In response to a post Greg Robinson about cancelling his MSDN subscriptions due to excessive focus on unreleased technologies by Robert Scoble writes

 MSDN, by the way, is like a PDC. It focuses on newer stuff and is produced by Microsoft. The other magazines are not tasked with covering the new stuff as much.

This assumption is wrong on so many levels I don't know where to start. It is telling that MSDN has strayed from being where developers get up to speed on existing Microsoft technologies to being a primarily a monger of vaporware. If MSDN is to be likened to a conference it should be TechEd (focus on existing technologies and best practices with a smattering of sneak peaks at the future) not PDC (focus on technology that won't be released for 2 to 4 years or that may not make it past the chopping block).  I've pinged various content strategists at MSDN and Sara Williams about this in the past with the responses being that most of the content is still about existing technologies.

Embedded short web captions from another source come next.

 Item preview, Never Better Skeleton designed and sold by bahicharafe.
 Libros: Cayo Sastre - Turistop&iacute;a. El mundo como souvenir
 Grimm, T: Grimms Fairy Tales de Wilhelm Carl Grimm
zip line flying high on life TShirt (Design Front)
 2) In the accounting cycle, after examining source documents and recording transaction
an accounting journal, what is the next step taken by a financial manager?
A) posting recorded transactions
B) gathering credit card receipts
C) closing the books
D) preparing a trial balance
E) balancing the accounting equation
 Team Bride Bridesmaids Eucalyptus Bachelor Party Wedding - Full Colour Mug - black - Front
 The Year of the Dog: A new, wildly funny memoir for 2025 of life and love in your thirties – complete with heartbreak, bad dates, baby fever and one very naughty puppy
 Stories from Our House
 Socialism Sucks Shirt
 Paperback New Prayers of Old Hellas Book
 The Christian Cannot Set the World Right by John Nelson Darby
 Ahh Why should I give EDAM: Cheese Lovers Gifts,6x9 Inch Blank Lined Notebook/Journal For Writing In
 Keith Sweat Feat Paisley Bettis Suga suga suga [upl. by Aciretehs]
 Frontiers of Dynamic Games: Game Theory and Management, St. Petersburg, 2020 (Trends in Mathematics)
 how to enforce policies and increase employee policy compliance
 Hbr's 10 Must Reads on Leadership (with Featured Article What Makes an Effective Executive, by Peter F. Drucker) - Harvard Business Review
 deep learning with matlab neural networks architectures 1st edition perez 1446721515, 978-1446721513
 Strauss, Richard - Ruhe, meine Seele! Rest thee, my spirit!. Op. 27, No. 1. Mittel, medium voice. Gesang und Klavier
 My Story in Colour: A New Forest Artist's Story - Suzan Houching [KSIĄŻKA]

I suspect that what people resent is the fact that the releases are so far off (Whidbey is 1 year away, Longhorn is 2 years away) and there aren't any publiclly generally available releases that are easy to get into which makes the frustration at articles about MSBuild, Avalon, Indigo, etc more difficult to stomach. It's one thing to see articles about beta technology you can download easily off the 'net and another to see articles about technology that is still in alpha which isn't publiclly available.  I don't intend for the MSDN XML Developer Center to go this route and so far have tended to focus the content appearing on the site about working with existing technologies.